Кайсаров выглядел весьма юным господином. Бровки, как нарисованные. Очень маленький рот и большие глаза. Кроткие, печальные – уж никак не майорские.

– «Итальянские солдаты! – Кайсаров начал странную, замедленную декламацию. – Вас заставляют сражаться с нами. Вас заставляют думать, что русские не отдают должной справедливости вашему мужеству».

– Хорошо!

– «Нет, товарищи! Они ценят его, и вы в час битвы убедитесь в этом».

– Очень хорошо! Уважительно и в то же время совершенно просто. При великолепной величавости обещано сражение жестокое, достойное истории.

– «Вспомните, что вы находитесь за четыреста миль от своих подкреплений. Не обманывайте себя относительно первых движений. Вы слишком хорошо знаете русских, чтобы предположить, что они бегут от вас!»

– Остановитесь, Кайсаров!
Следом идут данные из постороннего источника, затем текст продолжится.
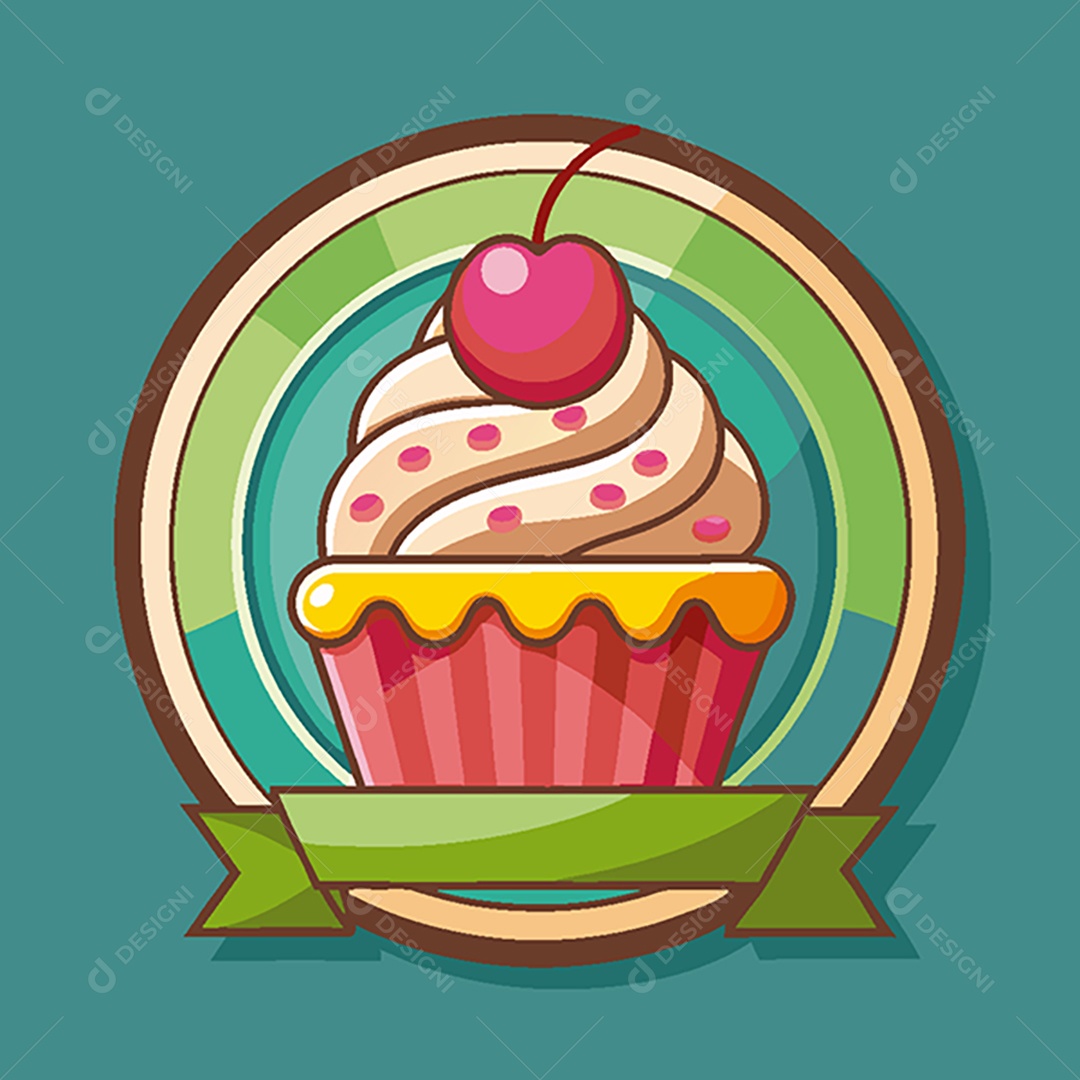 Modelo de Ícone de Logo Cupcake Vetor EPS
Тут надо подумать. – Шишков разволновался, разрумянился. – Вы сумели предостеречь итальянских солдат и внушить мне, Государственному секретарю, что не всё так безнадёжно при сей полной безнадёжности. Вот что замечательно. Продолжайте! Продолжайте! Я буду молчать.

– «Они, – я говорю это о русских, Александр Семенович, – они примут сражение, и ваше отступление будет затруднительно. Как добрые товарищи советуем вам возвратиться к себе. Не верьте уверениям тех, которые говорят вам, что вы сражаетесь во имя мира. Нет, вы сражаетесь во имя ненасытного честолюбия государя, не желающего мира».
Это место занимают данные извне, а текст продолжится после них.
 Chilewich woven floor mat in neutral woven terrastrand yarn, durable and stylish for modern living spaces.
– Это правильно, что вы не называете имя сего государя. Простите, не сдержался.

– «Иначе он давно заключил бы его. Он играет кровью своих храбрых солдат. Возвращайтесь к себе или, если предпочитаете это, найдите на время убежище в ваших южных провинциях».

– Вы закончили? – Адмирал сидел склоня голову, словно ожидал-таки продолжения. – Солдаты, разумеется, не имеют выбора: бежать из России через Европу в Сицилию – далековато. И все равно ход вашей мысли точный. Когда завоевателям станет тошно, всеми чувствами своими они пожелают быть у себя, подальше от русских. У вас пойдет дело.

Прощаясь, смотрел на молодое лицо замечательного профессора до того огорченно, что носом хлюпнул.

– Нам с вами бы о мифологии, о славянстве… Господи! Пошли перетерпеть войну, Наполеона, безумство человеческое.

– Благодарю вас! Благодарю за добрые слово ваше! – Профессор в эполетах поклонился не по-военному, прижимая руки к груди.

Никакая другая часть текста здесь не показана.